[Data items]
*-*-*

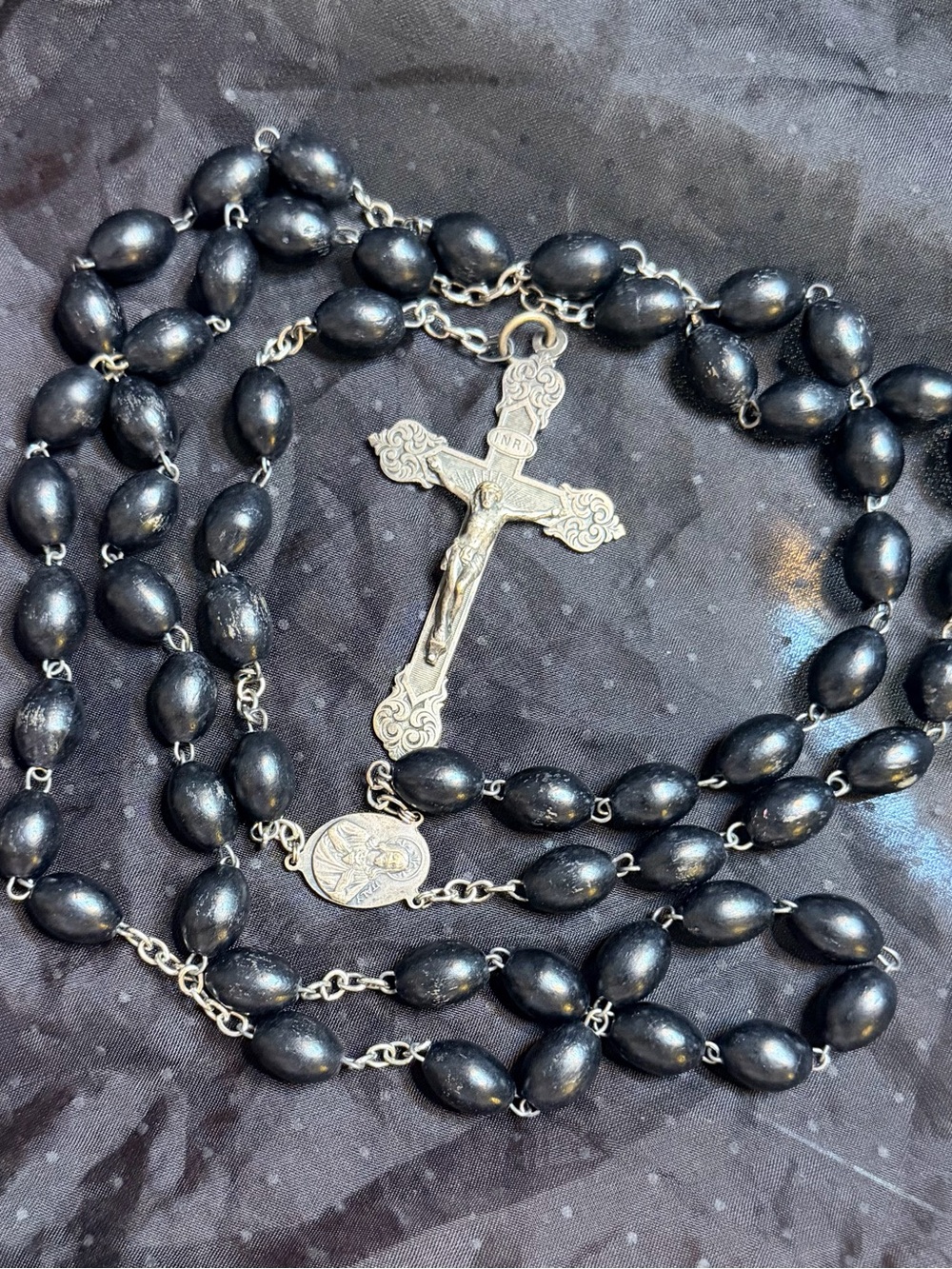 Black Beaded Rosary Necklace with Silver Crucifix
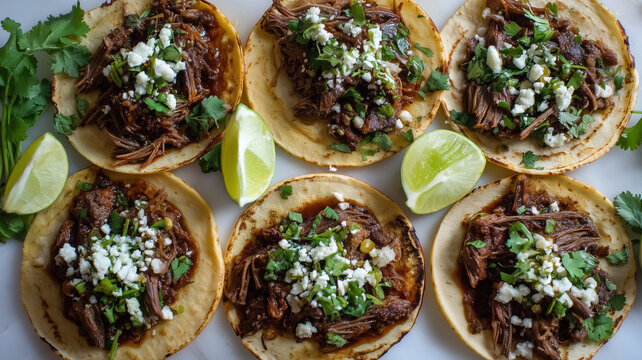 Six barbacoa tacos with shredded beef, queso fresco, cilantro, and lime wedges on white plate.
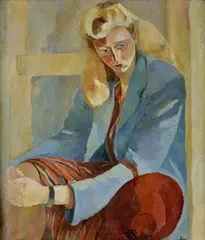 Lea Mrázová, Portrét sediacej dámy, Okolo 1935-40, Olej na plátne
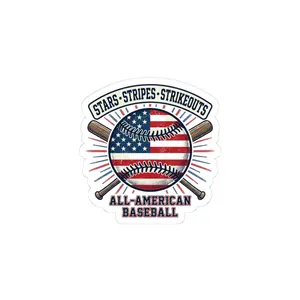 All-American Baseball Sticker | Patriotic Baseball Fan, Vintage Red White Blue
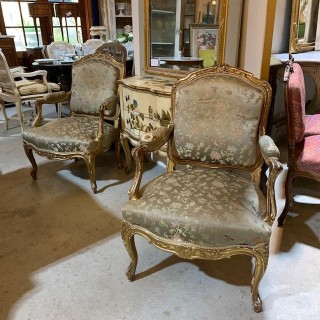 C19th French Pair of Louis XV Style Gilded Armchair original Patine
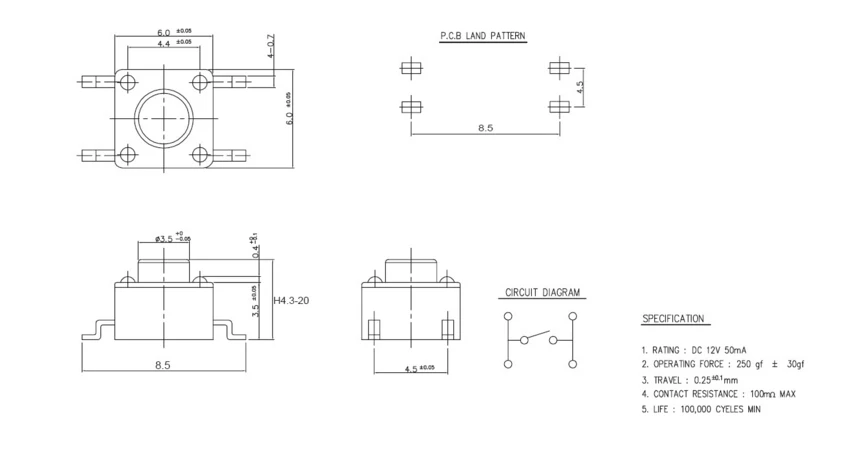 100 шт. SMD Такт кнопочный переключатель 6X6X11 мм микро 6*6*11 мм| |
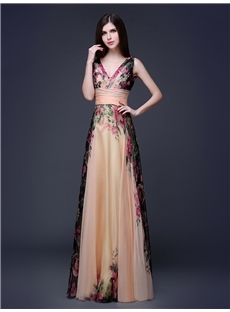 Elegant A Line V Neck Floor Length Printing Summer Dress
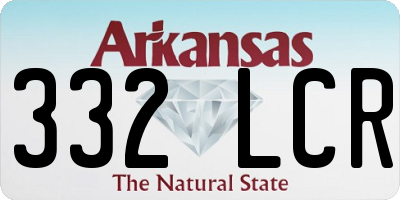 AR license plate 332LCR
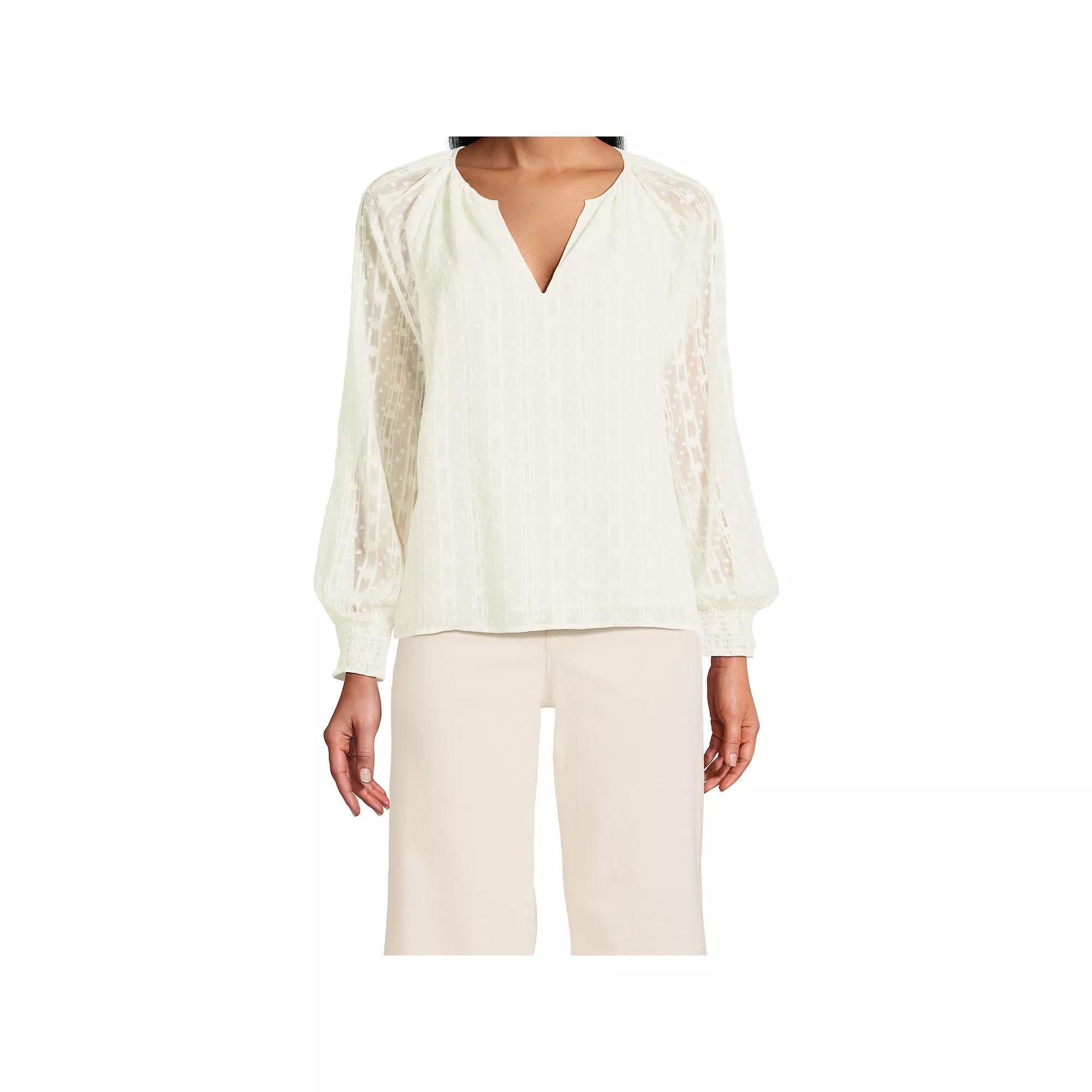 Women's Lands' End Clip Dot Chiffon Blouse, Size: Large, Fresh Ivory Product Image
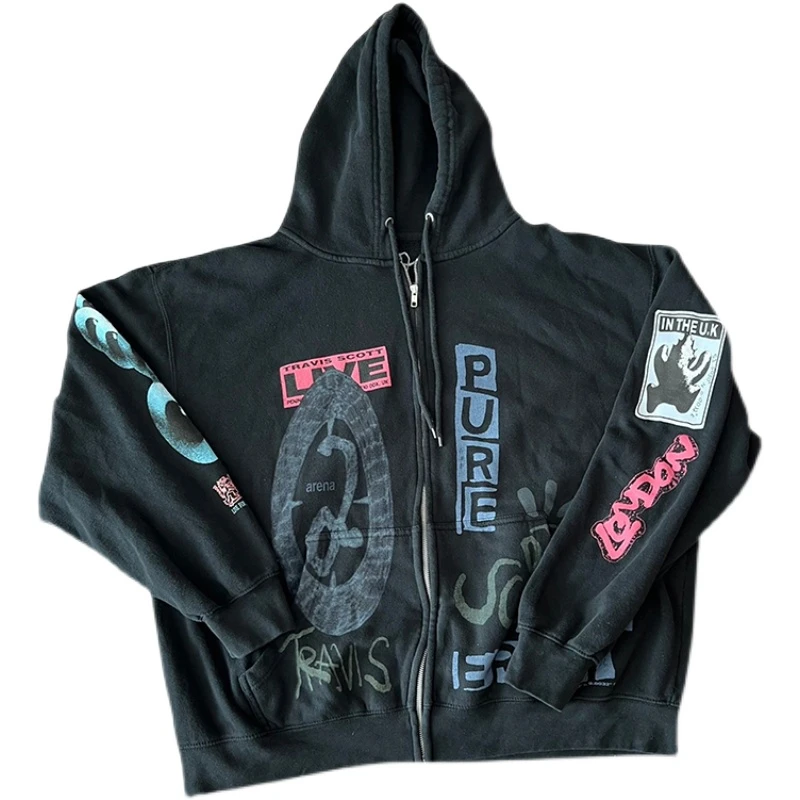 

Кардиган Трэвис Скотт О2 с капюшоном на молнии, худи с капюшоном С КАКТУСОМ и Джеком для мужчин и женщин, черный джемпер для мальчиков, пулове...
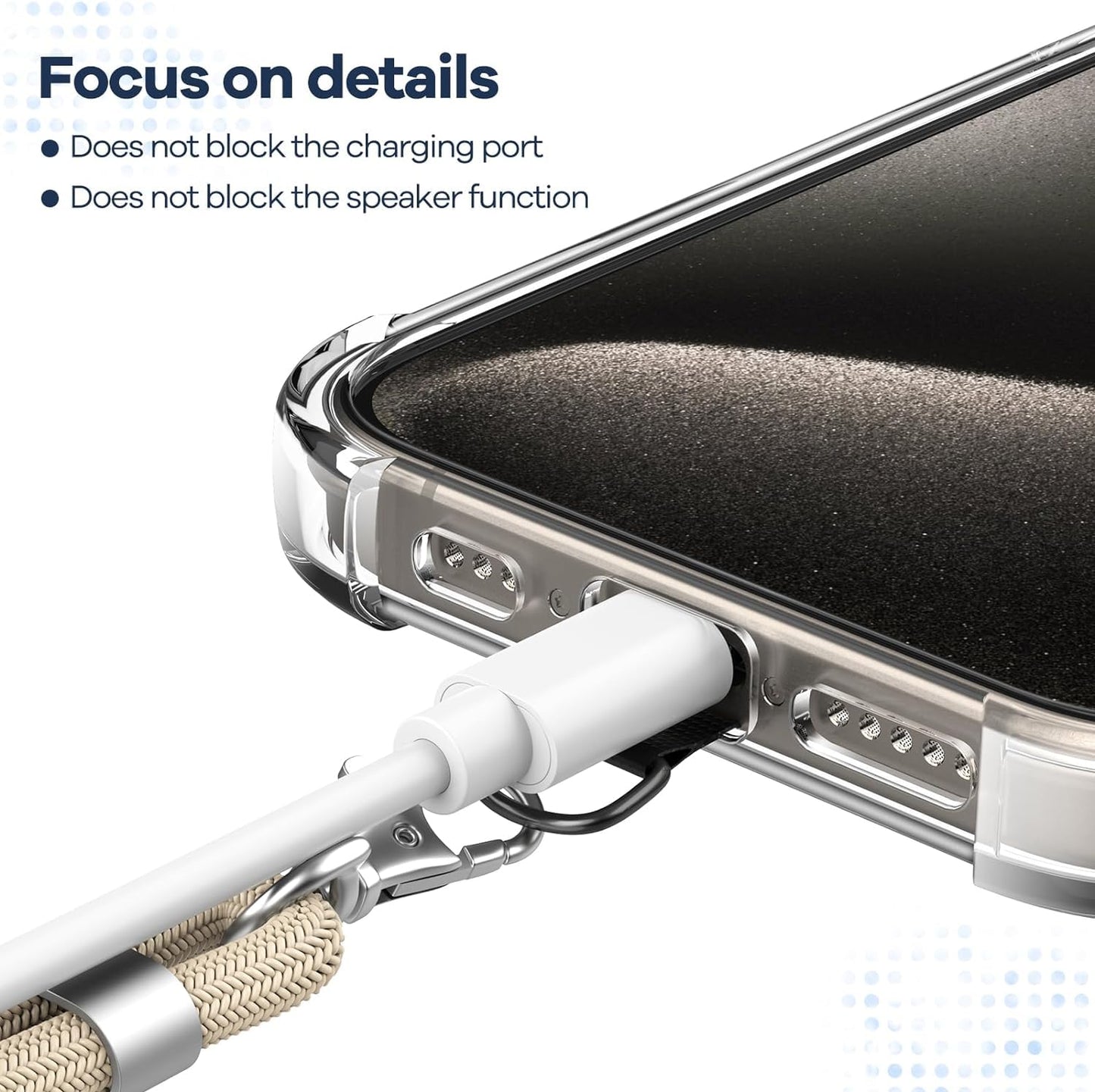 Cordon Téléphone Caslord – Lanière Universelle 1,6 m avec 2 Patchs Durables
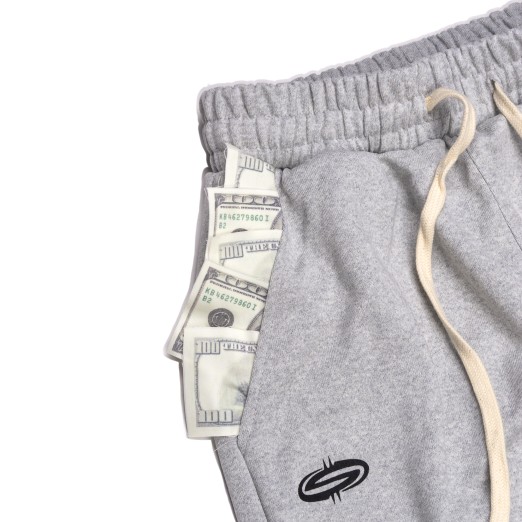 2 POCKETS FULL SWEAT PANTS IN GRAY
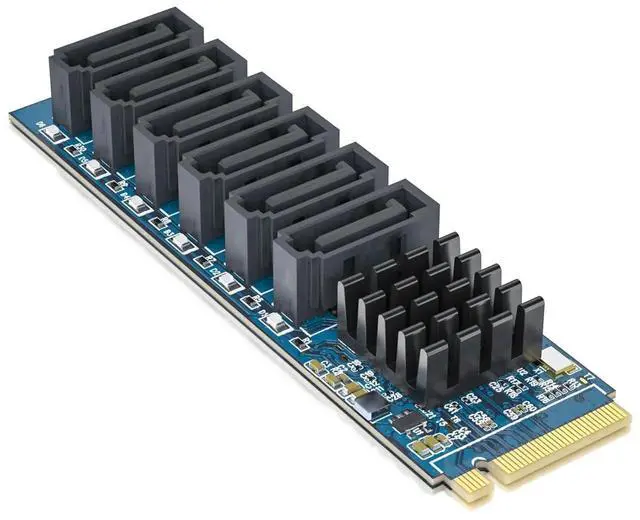 Alt view image 5 of 6 - M.2 M Key to 6 Ports SATA 3.0 Expansion Card, Non-RAID Design Desktop PC Converter Card Support SSD HDD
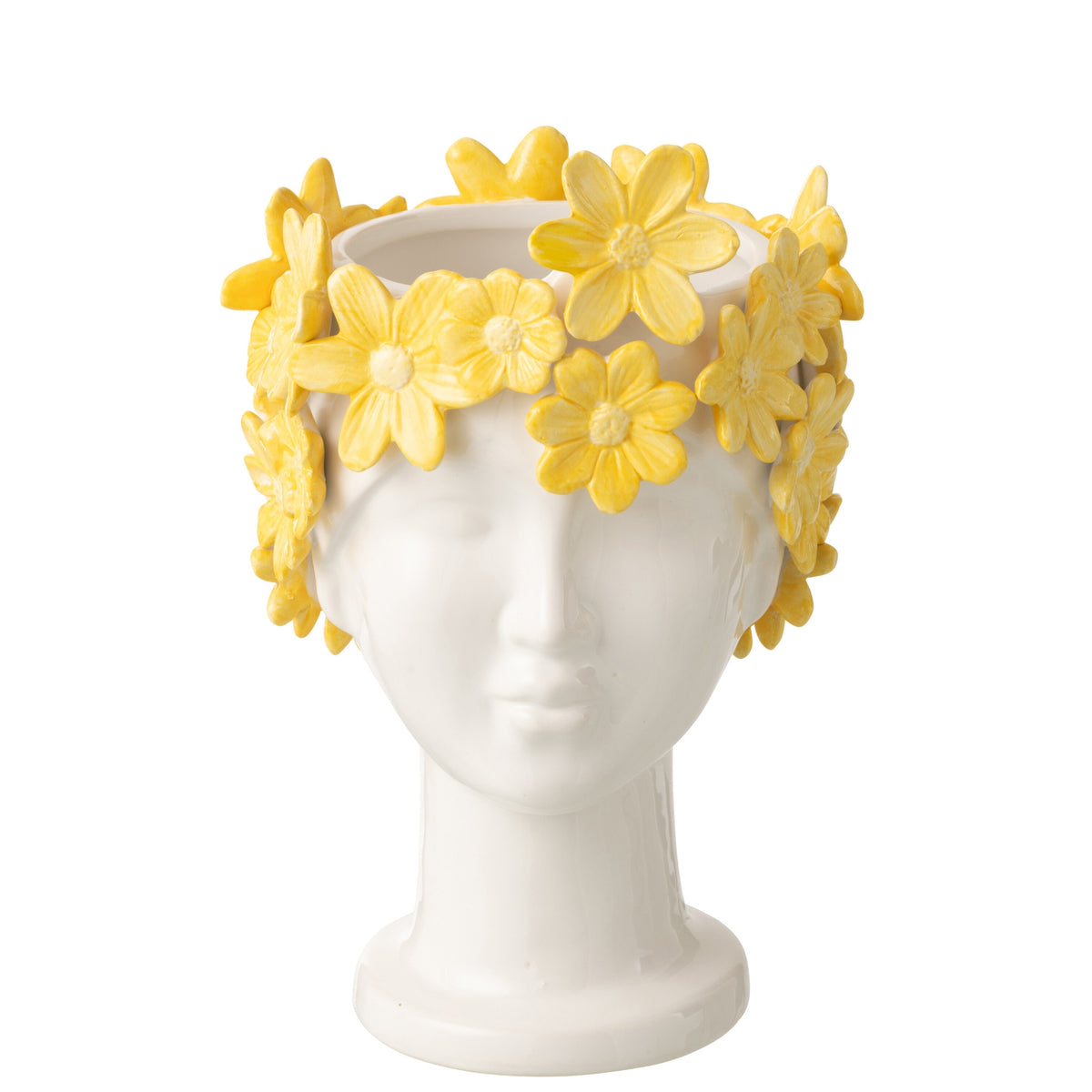 Pot de fleurs Dame Fleurs Céramique Blanc/Jaune J-Line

*-*-*

From the first line to the last, output the data exactly, without the pictures.

- [Answer space]
 Black Beaded Rosary Necklace with Silver Crucifix
 Six barbacoa tacos with shredded beef, queso fresco, cilantro, and lime wedges on white plate.
 Lea Mrázová, Portrét sediacej dámy, Okolo 1935-40, Olej na plátne
 All-American Baseball Sticker | Patriotic Baseball Fan, Vintage Red White Blue
 C19th French Pair of Louis XV Style Gilded Armchair original Patine
 100 шт. SMD Такт кнопочный переключатель 6X6X11 мм микро 6*6*11 мм| |
 Elegant A Line V Neck Floor Length Printing Summer Dress
 AR license plate 332LCR
 Women's Lands' End Clip Dot Chiffon Blouse, Size: Large, Fresh Ivory Product Image

Кардиган Трэвис Скотт О2 с капюшоном на молнии, худи с капюшоном С КАКТУСОМ и Джеком для мужчин и женщин, черный джемпер для мальчиков, пулове...
 Cordon Téléphone Caslord – Lanière Universelle 1,6 m avec 2 Patchs Durables
 2 POCKETS FULL SWEAT PANTS IN GRAY
 Alt view image 5 of 6 - M.2 M Key to 6 Ports SATA 3.0 Expansion Card, Non-RAID Design Desktop PC Converter Card Support SSD HDD
 Pot de fleurs Dame Fleurs Céramique Blanc/Jaune J-Line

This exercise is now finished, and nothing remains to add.